• _Information shown_
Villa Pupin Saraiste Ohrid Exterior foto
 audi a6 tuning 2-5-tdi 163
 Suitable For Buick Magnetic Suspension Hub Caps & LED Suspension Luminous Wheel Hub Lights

• _What the exercise asks_
Repeat the data. Keep every word the same.

• _Response to this exercise_
Villa Pupin Saraiste Ohrid Exterior foto
 audi a6 tuning 2-5-tdi 163
 Suitable For Buick Magnetic Suspension Hub Caps & LED Suspension Luminous Wheel Hub Lights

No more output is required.